▸ **Work to be completed**
Copy, from the entries below, each line in which the string "Premium" appears.
--------------------------------
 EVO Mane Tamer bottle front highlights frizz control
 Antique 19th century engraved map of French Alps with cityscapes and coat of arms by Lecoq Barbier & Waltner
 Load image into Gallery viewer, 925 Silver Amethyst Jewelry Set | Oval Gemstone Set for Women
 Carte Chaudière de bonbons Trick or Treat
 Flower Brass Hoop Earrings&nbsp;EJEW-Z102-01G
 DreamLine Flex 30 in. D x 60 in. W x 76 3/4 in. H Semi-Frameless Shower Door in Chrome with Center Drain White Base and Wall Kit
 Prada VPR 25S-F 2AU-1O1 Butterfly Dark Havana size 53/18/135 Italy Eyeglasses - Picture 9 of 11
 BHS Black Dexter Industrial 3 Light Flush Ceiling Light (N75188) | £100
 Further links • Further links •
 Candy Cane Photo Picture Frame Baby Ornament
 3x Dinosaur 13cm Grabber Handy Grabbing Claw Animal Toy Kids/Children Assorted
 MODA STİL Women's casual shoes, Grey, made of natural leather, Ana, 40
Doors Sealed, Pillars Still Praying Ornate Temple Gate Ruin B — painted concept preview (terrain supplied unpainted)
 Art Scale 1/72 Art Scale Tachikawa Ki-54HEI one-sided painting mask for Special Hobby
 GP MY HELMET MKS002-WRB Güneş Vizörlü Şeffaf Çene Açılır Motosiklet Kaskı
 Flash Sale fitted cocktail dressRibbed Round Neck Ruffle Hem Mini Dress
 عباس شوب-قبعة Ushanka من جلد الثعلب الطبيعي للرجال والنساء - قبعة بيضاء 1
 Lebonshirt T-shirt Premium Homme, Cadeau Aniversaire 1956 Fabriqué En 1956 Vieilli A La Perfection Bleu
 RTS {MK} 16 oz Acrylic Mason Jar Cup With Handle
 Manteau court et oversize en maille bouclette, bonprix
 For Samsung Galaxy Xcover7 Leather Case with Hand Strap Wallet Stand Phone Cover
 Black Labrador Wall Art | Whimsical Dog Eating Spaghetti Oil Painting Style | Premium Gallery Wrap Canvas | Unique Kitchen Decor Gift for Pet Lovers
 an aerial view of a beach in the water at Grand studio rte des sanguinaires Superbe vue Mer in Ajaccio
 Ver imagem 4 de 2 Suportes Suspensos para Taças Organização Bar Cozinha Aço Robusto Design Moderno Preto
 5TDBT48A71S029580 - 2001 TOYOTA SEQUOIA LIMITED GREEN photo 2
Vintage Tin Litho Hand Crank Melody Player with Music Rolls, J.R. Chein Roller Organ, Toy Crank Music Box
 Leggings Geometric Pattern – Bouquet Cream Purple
--------------------------------
▸ **Task output**
 Lebonshirt T-shirt Premium Homme, Cadeau Aniversaire 1956 Fabriqué En 1956 Vieilli A La Perfection Bleu
 Black Labrador Wall Art | Whimsical Dog Eating Spaghetti Oil Painting Style | Premium Gallery Wrap Canvas | Unique Kitchen Decor Gift for Pet Lovers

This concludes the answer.